UK Visa Regulations for International Students

International students who graduate from UK universities or business schools with a bachelors or a master’s degree — which of course includes MBAs and business-related MAs — will now be allowed to stay in the country for two years after graduation to look for work, the government has announced.

Under the current visa regime, overseas students are only allowed to stay for four months. The new policy marks a return to the situation as it stood until 2012, when the government cut the visa time-limit to reduce the number of immigrants in the country.

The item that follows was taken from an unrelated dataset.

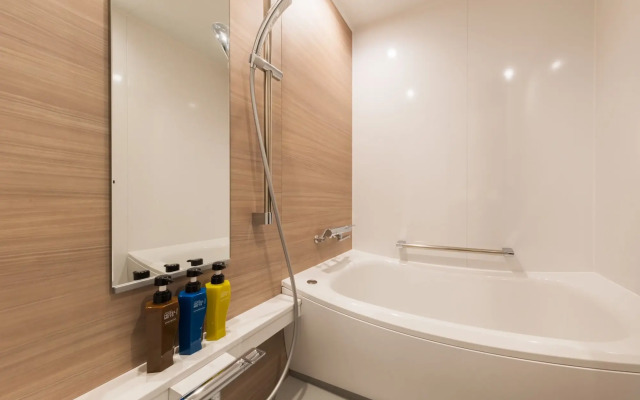 JR East Hotel Mets Premier Gotanda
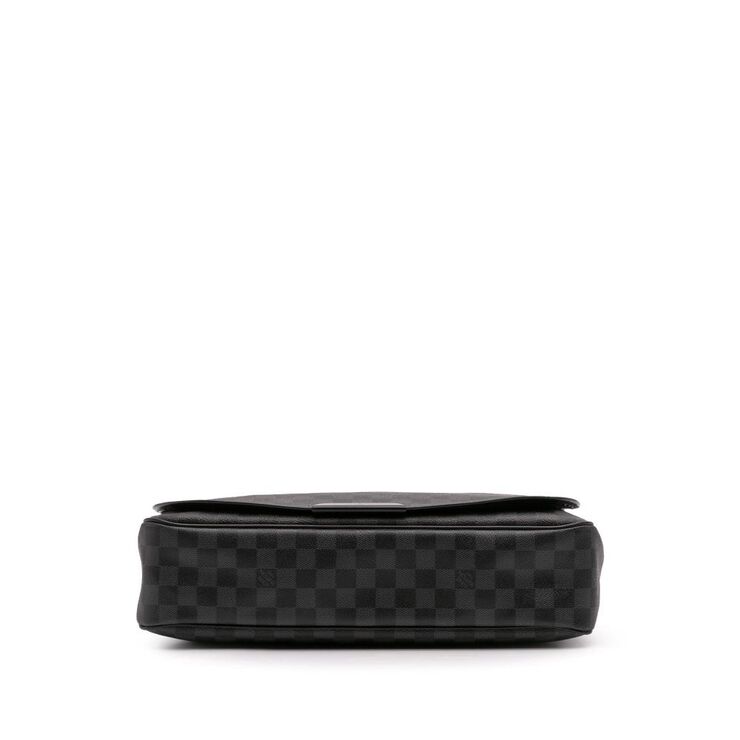 Louis Vuitton Messenger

This reversal should make UK business schools even more attractive to overseas students, and ease some of their worries arising from Brexit.

Welcome News For British Business Schools

The new policy is welcome news for schools given the barrage of recent headlines about Brexit chaos and uncertainty over the UK’s links with its biggest trading partner, which might be expected to make students think twice about a UK education. 

Despite the Brexit confusion, business schools have so far remained bullish about the impact of Brexit, insisting to Poets and Quants that it has not impacted application numbers. London Business School even says that it had a record number of second-round applications for its full-time MBA this year.

It is understandable that well-known and highly regarded schools such as LBS, The University of Oxford’s Said Business School and Cambridge Judge Business School remain confident that their globally recognized brands mean they can continue to attract talented international students.

Should Help Smaller Schools That Have Experienced Declines In International Applicants

However, the UK is home to dozens of smaller schools which in private are nervous that the “Trump Effect”, which has led to a decrease in international students applying to US schools because they do not feel welcome, might be replicated in Brexit Britain. This new visa policy should ease some of the pressure on these schools by reassuring students that they are welcome, and that they will be given a reasonable amount of time to move into the workforce on completion of their degrees. 

Professor David Allen, Pro-Vice Chancellor and Executive Dean of the University of Exeter Business School said, “We welcome this news of a change in student visa policy. We know from our discussions with international candidates that the prospects for work after graduation is a factor when deciding where to study.

Expects Decision To Boost International Students To 600,000 From 460,000

The Chartered Association of Business Schools, which represents the interests of over 120 UK business schools and other providers of business education, said in a statement, “We’re delighted by government plans to re-introduce the two-year post-study visa for international students. We have pushed for this change for five years. International business students contribute £5.6bn to the UK annually and are a positive part of our schools and universities.”

The new policy chimes with the UK’s pro-Brexit government, which has said that it wants to reduce unskilled immigration but open the doors to the “brightest and best”. It aims to increase the number of international students in UK universities from 460,000 to 600,000 over the coming decade.

With the changed rules in mind, Prodigy Finance created an in-depth article about the Visa Regulations and how your  job may impact your duration of stay in the UK. According to them, these changes made to attract the best talent can benefit skilled foreign workers.  As many as 1000 international students will be able to stay back in the UK every year as per Graduate Entrepreneur Scheme. The students can focus on entrepreneurship with start-up firms or apply for a skilled worker or entrepreneur visa.

As per the new rules, there is no restriction on the number of persons who can obtain a Tier 2 visa to stay and work post study, as long as the visa-holder can get a graduate-level job with an income of £20,000 or more.

Following the cancellation of post work visa, the number of Indian students coming to study at UK universities registered a fall of nearly 23.5% last year, including a 28% drop at postgraduate level.

The rules are also expected to benefit Indian coming to the UK. Intra-company transferees who are paid more than £152,100 will now no more need to take TOEFL to extend their stay in the UK. The government is also reducing the number of documents that need to be shown by ICTs to prove they have worked for the company for more than a year.